From the Globe and Mail – Dec.17th, 2010

Insurer alleges Toronto-area medical clinics bilking system


December 17, 2010

State Farm Mutual Automobile Insurance Company has launched a lawsuit against a group of Toronto-area medical clinics alleging that they were set up to defraud insurers.

The suit, which was filed in the Ontario Superior Court this week, is a watershed moment for the insurance sector in Canada. Insurers have long been seeking to demonstrate that clinics have been established to bilk the system, but assembling such a case has proven to be difficult.

In its statement of claim, State Farm alleges that it has paid out at least $1.2-million that it knows of for medical services that were not actually provided.

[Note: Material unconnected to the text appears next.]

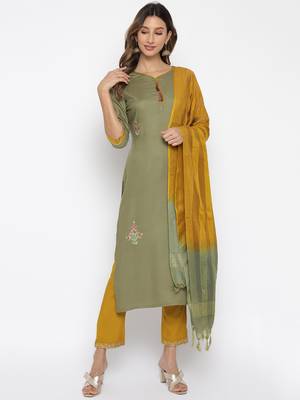 Green embroidered rayon salwar 1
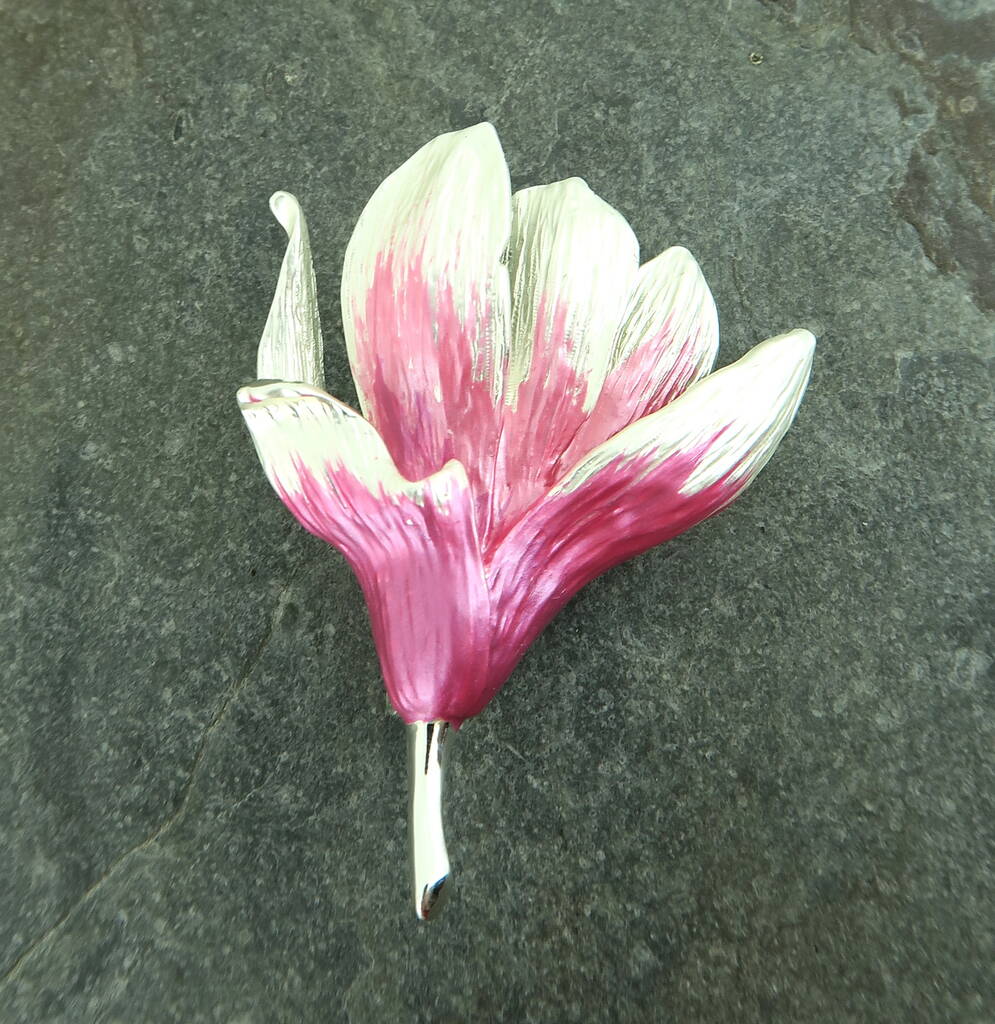 Magnolia Pink Flower Brooch, 1 of 4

“Further, State Farm has paid income replacement benefits, housekeeping benefits, and caregiver benefits based on false disability certificates, on which it reasonably relied,” the company said.
The Globe and Mail

It alleges that Vishnukanthan Sabapathy of Scarborough, Ont., was the de facto owner or manager of the group of clinics who were sending false treatment plans, disability certificates and invoices to State Farm since at least July, 2008. Those clinics include McCowan Rehabilitation Clinic, McNicoll Injury Management, Ontario Rehab Center and Care Plus Active Rehabilitation.

Mr. Sabapathy could not be reached for comment. None of the allegations have been proved.

“The clinics were held out to State Farm as legitimate service providers, when in fact they were vehicles for the personal defendants’ wrongdoing,” the statement of claim alleges.

Treatment plans, disability certificates and invoices were fraudulently submitted by the clinics that carried the purported signature of medical professionals who did not actually work for the clinic at the time, it alleges. It names six chiropractors, a kinesiologist and a registered massage therapist whose signatures were allegedly used.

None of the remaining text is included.